I looked at this paper with interest because I, along with others, have thought hard about how or whether you can infer the cause of observed increases in demand for ivory. It is also an emotive and controversial topic and this means that it is important to get any analysis right. After serious consideration of this paper and discussion with Bob Burn (a co-author on papers [1,2] we have written that analyse the same data that they use here) we think that both their analyses and their logic for linking what they observe to the sale of ivory to China are flawed.
The authors sent me a copy of the paper when they released it on the NBER website and asked for comments (they note that it is also with a journal to be peer reviewed – to be clear I am not involved in this peer review – but given the renewed proposals for legal sales of ivory for the coming CITES CoP, they felt it important that their manuscript become public early enough to be part of the policy discussion on this issue). The details of my reply to the authors can be found here and I summarise some of my key points below.
Most of the analysis they present uses data from the Monitoring Illegal Killing of Elephants (MIKE) program. The data are the number of elephant carcasses found each year at a number of different MIKE sites across Africa and Asia and the proportion of these carcasses that were illegally killed – this proportion is called PIKE (Proportion of Illegally Killed Elephants). Because PIKE are proportions they are constrained to be between zero and one.
To illustrate their argument the authors plot a number of points showing average PIKE and a clear step change in the value of PIKE between 2007 and 2008. But the points in the graph are not raw data but model outputs.
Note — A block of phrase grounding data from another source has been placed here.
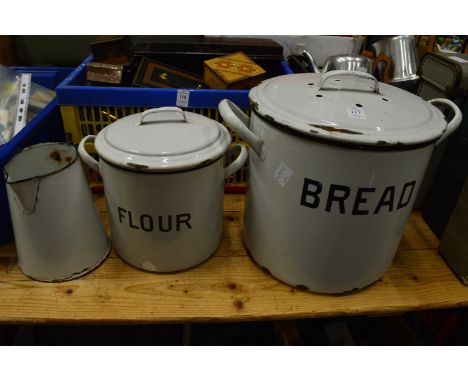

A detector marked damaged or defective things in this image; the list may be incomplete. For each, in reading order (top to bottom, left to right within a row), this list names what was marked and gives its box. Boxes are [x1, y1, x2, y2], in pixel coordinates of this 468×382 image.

rusty chipped rim [3, 143, 78, 186]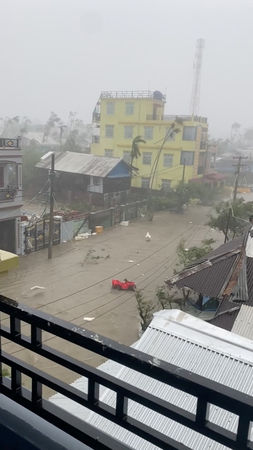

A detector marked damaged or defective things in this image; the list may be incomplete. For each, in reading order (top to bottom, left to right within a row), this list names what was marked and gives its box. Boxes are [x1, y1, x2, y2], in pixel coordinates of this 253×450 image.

rusty metal roof sheet [36, 152, 127, 178]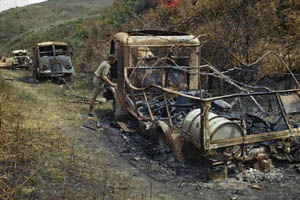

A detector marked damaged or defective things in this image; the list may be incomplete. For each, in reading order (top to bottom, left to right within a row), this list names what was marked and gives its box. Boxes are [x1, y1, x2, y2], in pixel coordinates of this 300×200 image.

destroyed vehicle [11, 49, 31, 69]
burnt truck [11, 49, 31, 69]
burnt truck [32, 41, 74, 80]
destroyed vehicle [32, 41, 74, 80]
destroyed vehicle [109, 29, 300, 177]
burned debris [109, 30, 300, 178]
burnt truck [110, 30, 300, 178]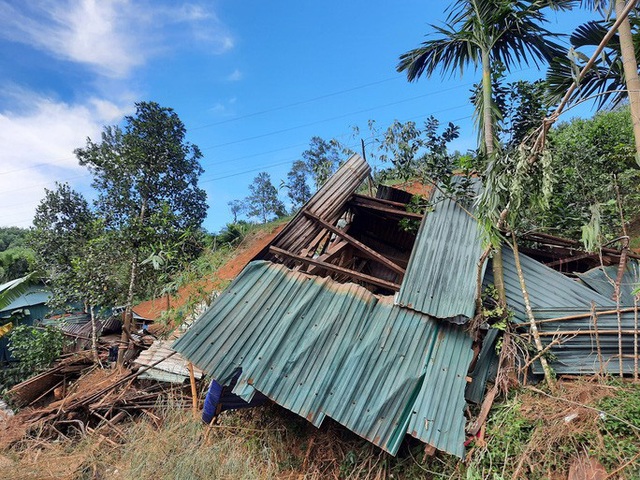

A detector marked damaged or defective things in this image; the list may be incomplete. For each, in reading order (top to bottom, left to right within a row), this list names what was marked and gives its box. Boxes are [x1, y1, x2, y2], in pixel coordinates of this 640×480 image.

broken roof structure [174, 154, 640, 458]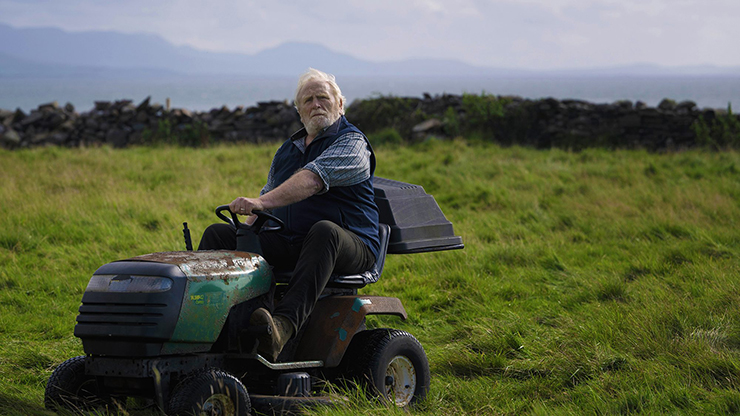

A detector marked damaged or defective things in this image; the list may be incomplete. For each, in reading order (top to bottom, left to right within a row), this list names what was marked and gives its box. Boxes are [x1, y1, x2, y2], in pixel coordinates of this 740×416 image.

rusty metal panel [294, 294, 408, 366]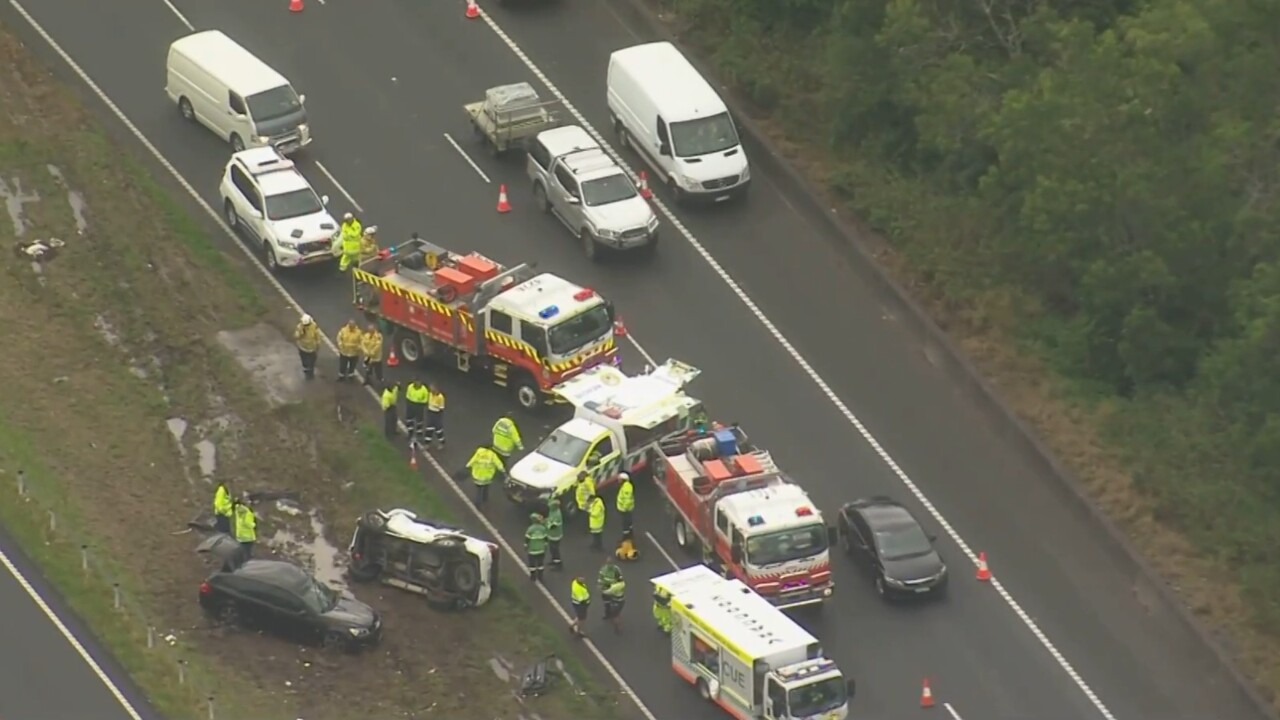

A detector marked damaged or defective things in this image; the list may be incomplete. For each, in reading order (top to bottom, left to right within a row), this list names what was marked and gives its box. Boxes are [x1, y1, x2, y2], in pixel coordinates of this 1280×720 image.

wrecked dark car [348, 507, 496, 607]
And the model they have used is wrong. For example, although PIKE is constrained to be between zero and one their model does not constrain these values to be between zero and one. They give many reasons for doing this including that to model the data correctly is complex, they wish to choose simplicity over complexity, and if they were to use more complex methods they would need to throw away 32.1% of the data.
Methods for analysing proportions, Generalised Linear Models (GLMs), are taught at undergraduate level on statistics courses. GLMs are actually quite intuitive, widely used and understood and not really all that complex. The authors have misunderstood the methods because you do not need to throw away 32.1% of the data – all of the data can be used. I explain what I think their misunderstanding is in my detailed response. Furthermore, it is not OK to use the simplest of methods if they are wrong and it is clearly preferable to use more complex methods if that is what is needed to correctly represent the data.
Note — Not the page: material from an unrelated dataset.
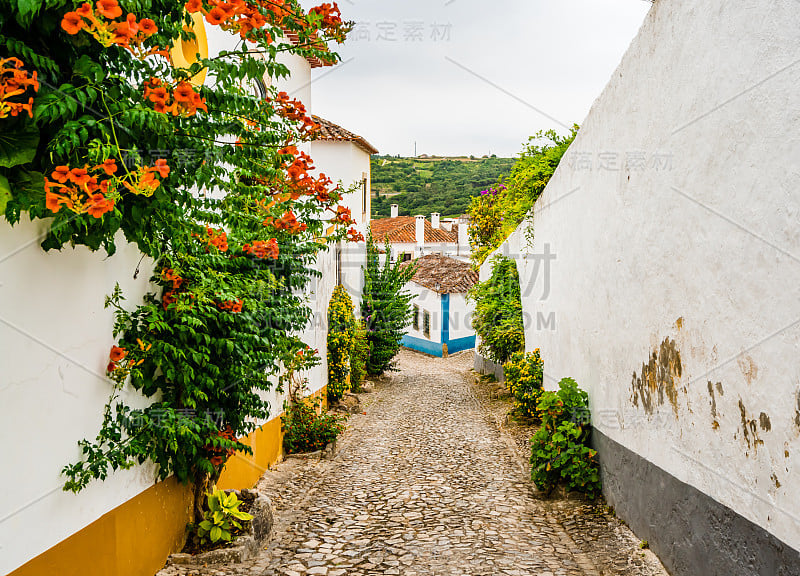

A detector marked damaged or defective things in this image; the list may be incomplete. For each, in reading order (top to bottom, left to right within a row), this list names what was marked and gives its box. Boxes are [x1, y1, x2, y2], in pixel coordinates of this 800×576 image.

peeling plaster wall [484, 0, 800, 564]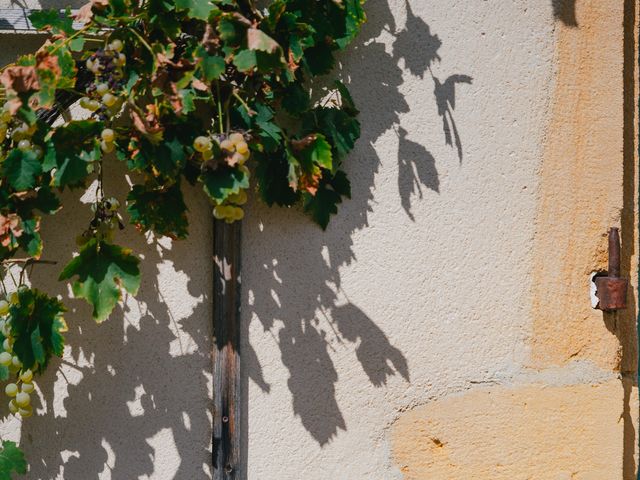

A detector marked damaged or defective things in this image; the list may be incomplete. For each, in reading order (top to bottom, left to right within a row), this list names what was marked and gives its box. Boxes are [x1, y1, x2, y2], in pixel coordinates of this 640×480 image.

rusty metal bracket [592, 228, 628, 312]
The consequences of not modelling the data correctly are that their results could be wrong and it is difficult to know how wrong it is.
Their argument is that in their modelling they tested whether there was evidence of a step change, or discontinuity, in the PIKE data in 2008. That is estimates of PIKE prior to the sale (up to 2007) are significantly lower than estimates of PIKE after the sale (from 2008 onwards) They say that their model shows that estimates of PIKE from 2003 to 2007 were significantly lower than estimates of PIKE from 2008 onwards.
The authors then look for a similar discontinuity in a number of variables they have selected to measure Chinese influence and presence in elephant range states. They consider these to be other potential drivers of the trade. They don’t find the same discontinuity in these variables between 2007 and 2008. Their conclusion is that if these drivers don’t show the step change then as everything else remained constant then the only explanation for the step change is the legal sale of ivory.
There are many things wrong with this, even if we were to ignore the fact that their models are not correct. In the paper they do not:
- provide an explanation as to their choice of potential drivers that they test
- discuss the global financial crisis of 2008. Could this also be a reason why the discontinuity is observed?
- talk about trends in the trade of other illegal wildlife products such as rhino horn and pangolin. These have also increased over the last few years and there have not been legal sales in these products.
- consider trade in other goods that might play a similar role to ivory within China. How has demand in these changed over the same time period? In which case how does this match with the demand for ivory?
- compared their models to a model which allows an increasing nonlinear trend in PIKE rather than a step change
The argument they use that a similar step change is not observed in their other potential drivers might work for a simple situation. But the illegal ivory trade is complex and dynamic with many different drivers operating on different spatial and temporal scales all along the trade chain. It is more likely that if the sale has had an effect it contributes to the increase in demand rather than being the sole reason for an increase in demand. Any analysis should therefore look at relative contribution of different drivers and how they describe changes in PIKE by modelling it in one comprehensive model.
Further criticisms of their approach and their modelling can be found here. To be clear, I am not commenting one way or the other about whether the sale of ivory is the, or one, reason for the illegal ivory trade. My concern is that this analysis and the conclusions it draws is flawed and should not be used to guide future policy on elephants.